WORK ORDER: Copy exactly the stretch of data below from the line with "IKEA PELARBOJ LED Table Lamp" through the line with "5690 Elbow AVE, Naples, FL 34113", including both of those lines.

(Items from a dataset)
● ● ●

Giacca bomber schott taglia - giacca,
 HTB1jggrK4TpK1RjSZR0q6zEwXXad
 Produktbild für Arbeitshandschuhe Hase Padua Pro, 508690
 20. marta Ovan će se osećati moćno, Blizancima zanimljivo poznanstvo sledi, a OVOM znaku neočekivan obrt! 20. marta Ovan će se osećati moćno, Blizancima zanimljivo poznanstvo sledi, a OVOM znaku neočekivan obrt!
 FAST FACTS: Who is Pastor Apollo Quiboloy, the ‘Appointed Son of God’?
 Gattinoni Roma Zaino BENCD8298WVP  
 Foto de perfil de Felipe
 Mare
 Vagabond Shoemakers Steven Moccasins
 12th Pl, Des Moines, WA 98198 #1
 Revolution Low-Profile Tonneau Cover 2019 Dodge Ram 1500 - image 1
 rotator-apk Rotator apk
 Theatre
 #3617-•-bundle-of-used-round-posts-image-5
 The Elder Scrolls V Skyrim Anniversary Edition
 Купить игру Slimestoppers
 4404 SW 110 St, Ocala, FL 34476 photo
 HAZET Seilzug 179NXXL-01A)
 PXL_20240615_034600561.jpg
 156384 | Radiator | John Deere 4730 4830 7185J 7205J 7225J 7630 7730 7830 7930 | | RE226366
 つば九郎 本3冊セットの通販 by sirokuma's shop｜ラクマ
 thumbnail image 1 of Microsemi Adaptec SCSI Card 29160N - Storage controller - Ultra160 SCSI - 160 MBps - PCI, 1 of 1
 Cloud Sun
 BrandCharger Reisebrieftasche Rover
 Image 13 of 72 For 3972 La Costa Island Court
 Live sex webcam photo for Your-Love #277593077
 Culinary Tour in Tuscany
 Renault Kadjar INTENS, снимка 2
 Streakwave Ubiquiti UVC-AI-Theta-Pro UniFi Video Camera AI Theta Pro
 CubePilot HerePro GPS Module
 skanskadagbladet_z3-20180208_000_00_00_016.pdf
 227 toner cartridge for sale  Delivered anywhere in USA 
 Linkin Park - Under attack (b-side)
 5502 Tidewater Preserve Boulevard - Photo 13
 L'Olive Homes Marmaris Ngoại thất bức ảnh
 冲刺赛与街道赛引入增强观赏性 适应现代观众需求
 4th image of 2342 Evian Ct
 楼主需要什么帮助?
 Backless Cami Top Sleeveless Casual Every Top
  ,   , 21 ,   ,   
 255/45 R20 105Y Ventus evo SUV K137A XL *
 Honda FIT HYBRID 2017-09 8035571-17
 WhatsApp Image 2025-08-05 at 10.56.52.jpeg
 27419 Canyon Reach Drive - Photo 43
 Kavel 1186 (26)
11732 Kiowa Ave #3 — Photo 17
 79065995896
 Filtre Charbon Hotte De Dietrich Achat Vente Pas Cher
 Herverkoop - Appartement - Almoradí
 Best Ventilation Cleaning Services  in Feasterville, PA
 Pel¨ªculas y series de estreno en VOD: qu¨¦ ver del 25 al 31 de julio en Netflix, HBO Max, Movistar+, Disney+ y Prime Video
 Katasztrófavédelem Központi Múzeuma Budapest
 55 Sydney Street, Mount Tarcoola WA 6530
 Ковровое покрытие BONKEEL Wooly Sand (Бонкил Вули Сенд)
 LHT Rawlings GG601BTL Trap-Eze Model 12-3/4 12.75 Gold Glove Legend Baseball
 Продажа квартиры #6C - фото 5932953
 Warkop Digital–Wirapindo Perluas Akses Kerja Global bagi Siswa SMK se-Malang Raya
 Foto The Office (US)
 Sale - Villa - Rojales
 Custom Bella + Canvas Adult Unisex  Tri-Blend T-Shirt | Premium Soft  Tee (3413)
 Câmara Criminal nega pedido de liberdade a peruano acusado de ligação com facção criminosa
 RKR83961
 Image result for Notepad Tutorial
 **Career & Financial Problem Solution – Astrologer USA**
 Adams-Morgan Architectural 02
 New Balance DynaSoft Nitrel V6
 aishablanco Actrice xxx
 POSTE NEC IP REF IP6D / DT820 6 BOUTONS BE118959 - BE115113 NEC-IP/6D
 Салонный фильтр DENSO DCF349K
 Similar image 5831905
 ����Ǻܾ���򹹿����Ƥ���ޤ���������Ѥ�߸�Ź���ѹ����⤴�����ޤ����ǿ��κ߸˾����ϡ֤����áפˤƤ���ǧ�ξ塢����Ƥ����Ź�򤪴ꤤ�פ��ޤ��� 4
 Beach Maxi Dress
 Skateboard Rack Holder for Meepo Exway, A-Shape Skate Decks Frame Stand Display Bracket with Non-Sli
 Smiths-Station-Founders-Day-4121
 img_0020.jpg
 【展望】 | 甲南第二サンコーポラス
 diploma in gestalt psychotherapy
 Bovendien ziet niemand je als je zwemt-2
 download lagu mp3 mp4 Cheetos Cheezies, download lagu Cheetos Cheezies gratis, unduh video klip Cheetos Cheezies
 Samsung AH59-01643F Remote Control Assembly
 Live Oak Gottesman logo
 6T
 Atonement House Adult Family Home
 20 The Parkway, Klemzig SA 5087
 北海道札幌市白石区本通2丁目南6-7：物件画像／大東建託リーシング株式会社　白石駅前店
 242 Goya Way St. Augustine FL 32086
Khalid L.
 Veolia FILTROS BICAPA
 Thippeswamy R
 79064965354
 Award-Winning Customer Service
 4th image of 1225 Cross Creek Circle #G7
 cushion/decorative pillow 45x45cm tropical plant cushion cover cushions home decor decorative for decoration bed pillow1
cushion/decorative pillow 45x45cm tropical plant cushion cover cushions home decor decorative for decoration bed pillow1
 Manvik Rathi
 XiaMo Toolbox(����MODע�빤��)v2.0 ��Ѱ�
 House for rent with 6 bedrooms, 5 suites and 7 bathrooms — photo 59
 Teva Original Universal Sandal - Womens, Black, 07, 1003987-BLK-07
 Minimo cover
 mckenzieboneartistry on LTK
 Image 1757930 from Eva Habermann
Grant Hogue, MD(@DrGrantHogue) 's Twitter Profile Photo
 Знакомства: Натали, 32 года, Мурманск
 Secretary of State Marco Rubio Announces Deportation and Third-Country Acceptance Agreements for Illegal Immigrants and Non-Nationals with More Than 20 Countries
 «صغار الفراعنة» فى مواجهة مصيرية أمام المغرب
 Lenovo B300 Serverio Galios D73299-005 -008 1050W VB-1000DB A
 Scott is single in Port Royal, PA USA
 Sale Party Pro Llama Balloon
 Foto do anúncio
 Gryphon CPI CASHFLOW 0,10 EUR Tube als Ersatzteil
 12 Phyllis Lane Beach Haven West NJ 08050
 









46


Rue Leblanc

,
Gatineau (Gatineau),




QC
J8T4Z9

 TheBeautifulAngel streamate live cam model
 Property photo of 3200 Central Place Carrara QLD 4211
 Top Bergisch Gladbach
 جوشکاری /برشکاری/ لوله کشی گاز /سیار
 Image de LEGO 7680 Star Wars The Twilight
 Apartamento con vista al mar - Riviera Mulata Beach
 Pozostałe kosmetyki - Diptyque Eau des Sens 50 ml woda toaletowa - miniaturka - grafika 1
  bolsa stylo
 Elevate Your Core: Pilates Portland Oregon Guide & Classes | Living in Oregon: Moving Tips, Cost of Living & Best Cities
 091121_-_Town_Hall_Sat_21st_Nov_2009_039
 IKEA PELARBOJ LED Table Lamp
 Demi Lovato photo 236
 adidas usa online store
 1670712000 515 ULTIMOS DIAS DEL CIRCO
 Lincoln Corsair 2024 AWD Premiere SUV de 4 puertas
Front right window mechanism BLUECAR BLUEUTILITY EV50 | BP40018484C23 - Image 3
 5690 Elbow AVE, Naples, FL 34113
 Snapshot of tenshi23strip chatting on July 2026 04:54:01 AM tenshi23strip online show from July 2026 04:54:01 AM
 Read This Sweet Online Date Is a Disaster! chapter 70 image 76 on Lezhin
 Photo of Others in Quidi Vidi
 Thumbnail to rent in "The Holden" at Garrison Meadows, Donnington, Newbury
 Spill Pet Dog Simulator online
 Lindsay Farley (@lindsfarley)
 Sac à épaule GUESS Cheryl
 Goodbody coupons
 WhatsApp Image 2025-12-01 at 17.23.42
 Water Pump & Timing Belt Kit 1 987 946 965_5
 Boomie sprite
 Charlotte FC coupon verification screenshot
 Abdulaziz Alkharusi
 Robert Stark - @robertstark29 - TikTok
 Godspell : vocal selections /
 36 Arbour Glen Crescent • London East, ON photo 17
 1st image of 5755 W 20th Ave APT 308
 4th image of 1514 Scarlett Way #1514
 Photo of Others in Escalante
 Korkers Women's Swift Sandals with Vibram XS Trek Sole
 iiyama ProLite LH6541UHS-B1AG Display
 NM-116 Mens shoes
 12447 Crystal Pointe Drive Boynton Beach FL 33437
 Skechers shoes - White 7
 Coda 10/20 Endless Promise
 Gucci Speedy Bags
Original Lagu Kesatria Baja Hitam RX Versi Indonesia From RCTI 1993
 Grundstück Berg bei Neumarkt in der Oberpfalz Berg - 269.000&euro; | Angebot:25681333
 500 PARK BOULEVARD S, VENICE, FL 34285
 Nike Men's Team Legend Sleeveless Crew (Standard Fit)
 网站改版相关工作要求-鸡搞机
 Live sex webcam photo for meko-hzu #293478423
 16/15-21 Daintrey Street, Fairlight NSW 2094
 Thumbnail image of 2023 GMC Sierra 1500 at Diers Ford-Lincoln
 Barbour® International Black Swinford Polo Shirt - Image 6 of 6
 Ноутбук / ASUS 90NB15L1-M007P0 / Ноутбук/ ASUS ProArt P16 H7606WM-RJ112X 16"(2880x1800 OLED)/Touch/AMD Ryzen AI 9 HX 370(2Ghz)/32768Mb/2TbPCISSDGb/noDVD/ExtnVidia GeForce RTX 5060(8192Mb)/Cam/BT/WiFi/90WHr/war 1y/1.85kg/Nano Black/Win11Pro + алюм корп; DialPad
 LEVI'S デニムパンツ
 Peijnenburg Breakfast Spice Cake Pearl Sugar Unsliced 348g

● ● ●

OUTPUT OF THE TASK:
 IKEA PELARBOJ LED Table Lamp
 Demi Lovato photo 236
 adidas usa online store
 1670712000 515 ULTIMOS DIAS DEL CIRCO
 Lincoln Corsair 2024 AWD Premiere SUV de 4 puertas
Front right window mechanism BLUECAR BLUEUTILITY EV50 | BP40018484C23 - Image 3
 5690 Elbow AVE, Naples, FL 34113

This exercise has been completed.